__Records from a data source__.
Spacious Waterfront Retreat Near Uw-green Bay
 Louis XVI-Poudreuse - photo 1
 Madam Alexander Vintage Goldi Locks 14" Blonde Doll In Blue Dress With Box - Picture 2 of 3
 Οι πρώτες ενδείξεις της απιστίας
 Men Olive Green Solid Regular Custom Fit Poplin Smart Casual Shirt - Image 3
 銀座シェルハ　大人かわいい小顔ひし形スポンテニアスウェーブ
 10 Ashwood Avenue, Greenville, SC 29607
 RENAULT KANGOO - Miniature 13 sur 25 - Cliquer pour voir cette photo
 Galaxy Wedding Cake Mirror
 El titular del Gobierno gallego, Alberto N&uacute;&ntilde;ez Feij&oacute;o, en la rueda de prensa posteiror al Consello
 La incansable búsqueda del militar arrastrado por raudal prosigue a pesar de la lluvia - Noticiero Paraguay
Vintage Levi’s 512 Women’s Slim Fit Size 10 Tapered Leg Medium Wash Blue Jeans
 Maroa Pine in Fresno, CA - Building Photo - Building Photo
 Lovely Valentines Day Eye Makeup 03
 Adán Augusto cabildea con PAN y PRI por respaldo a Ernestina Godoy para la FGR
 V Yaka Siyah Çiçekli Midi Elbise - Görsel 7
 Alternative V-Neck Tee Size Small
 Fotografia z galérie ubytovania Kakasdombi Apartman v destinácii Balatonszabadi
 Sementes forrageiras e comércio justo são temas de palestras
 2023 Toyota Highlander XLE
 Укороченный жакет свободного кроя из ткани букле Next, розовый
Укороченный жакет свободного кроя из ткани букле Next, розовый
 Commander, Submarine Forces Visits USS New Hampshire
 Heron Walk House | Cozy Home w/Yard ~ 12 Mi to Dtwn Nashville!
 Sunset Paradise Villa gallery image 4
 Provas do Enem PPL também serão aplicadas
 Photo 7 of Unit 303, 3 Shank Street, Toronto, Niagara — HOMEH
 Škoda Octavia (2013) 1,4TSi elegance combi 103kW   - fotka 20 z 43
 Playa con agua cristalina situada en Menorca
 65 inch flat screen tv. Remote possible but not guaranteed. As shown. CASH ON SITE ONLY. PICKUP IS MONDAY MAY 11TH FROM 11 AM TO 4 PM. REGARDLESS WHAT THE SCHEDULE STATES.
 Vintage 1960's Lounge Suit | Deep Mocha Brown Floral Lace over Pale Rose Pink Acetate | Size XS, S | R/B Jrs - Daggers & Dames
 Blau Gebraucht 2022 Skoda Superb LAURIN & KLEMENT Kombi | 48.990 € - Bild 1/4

__Exercise details__. The required output is the stretch of entries above from the line containing "Louis XVI-Poudreuse - photo 1" through the line containing "RENAULT KANGOO - Miniature", reproduced exactly.

__Completed exercise__.
 Louis XVI-Poudreuse - photo 1
 Madam Alexander Vintage Goldi Locks 14" Blonde Doll In Blue Dress With Box - Picture 2 of 3
 Οι πρώτες ενδείξεις της απιστίας
 Men Olive Green Solid Regular Custom Fit Poplin Smart Casual Shirt - Image 3
 銀座シェルハ　大人かわいい小顔ひし形スポンテニアスウェーブ
 10 Ashwood Avenue, Greenville, SC 29607
 RENAULT KANGOO - Miniature 13 sur 25 - Cliquer pour voir cette photo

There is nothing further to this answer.